(Given data)

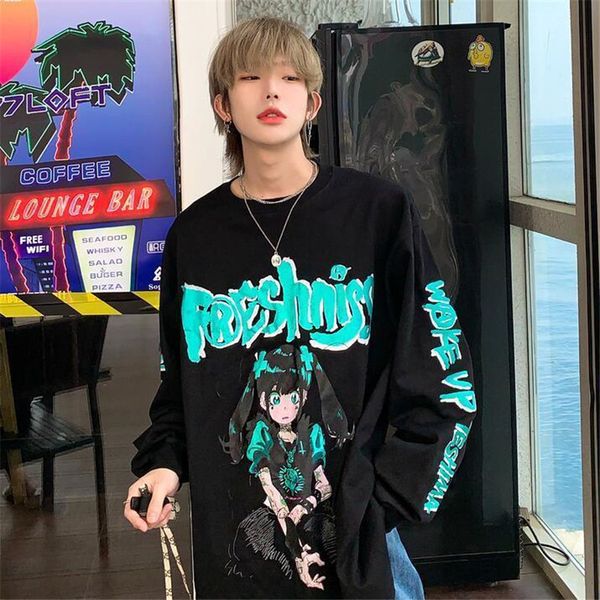 

2021 new cotton cartoon hoodie streetwear japanese sweatshirt fashion casual funny spring autumn harajuku high street hoodies male a89p, Black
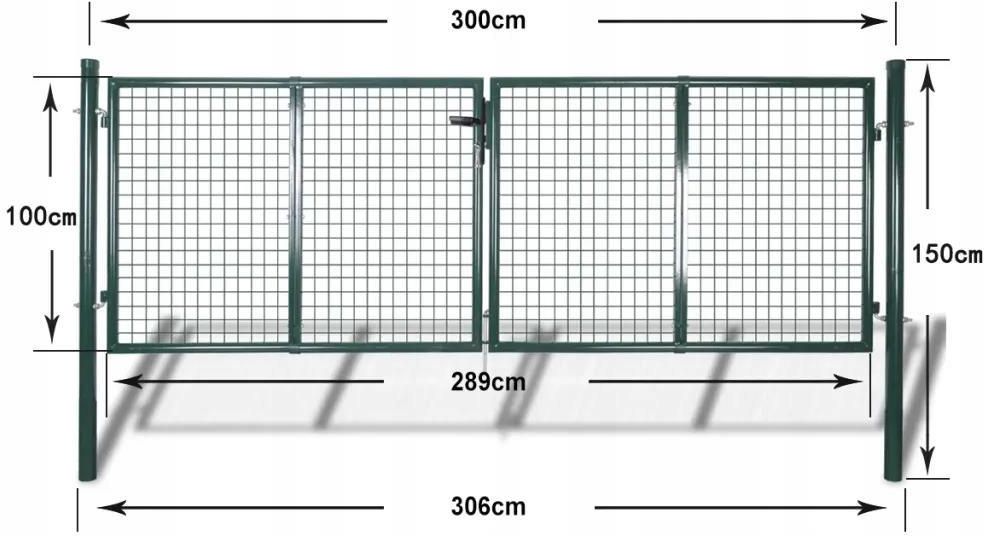 Brama Ogrodzeniowa Stalowa 306x150 cm Zielona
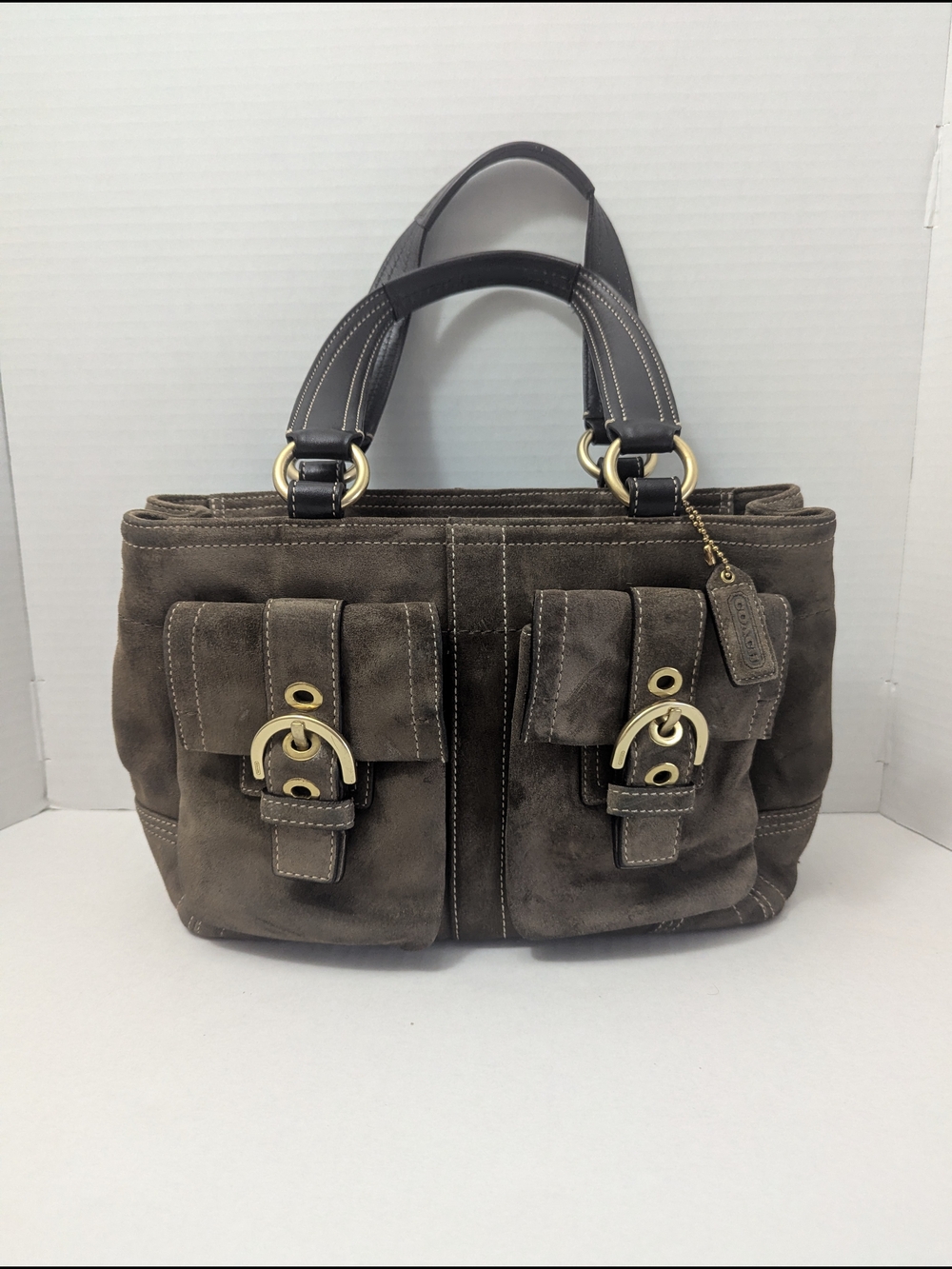 Vintage COACH Soho Women's Brown Suede Buckle Flap Satchel Bag E05S-8A22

(End Given data)

> **Directions for this task**
An exact copy of the material is required, minus the pictures.

> **Output**
2021 new cotton cartoon hoodie streetwear japanese sweatshirt fashion casual funny spring autumn harajuku high street hoodies male a89p, Black
 Brama Ogrodzeniowa Stalowa 306x150 cm Zielona
 Vintage COACH Soho Women's Brown Suede Buckle Flap Satchel Bag E05S-8A22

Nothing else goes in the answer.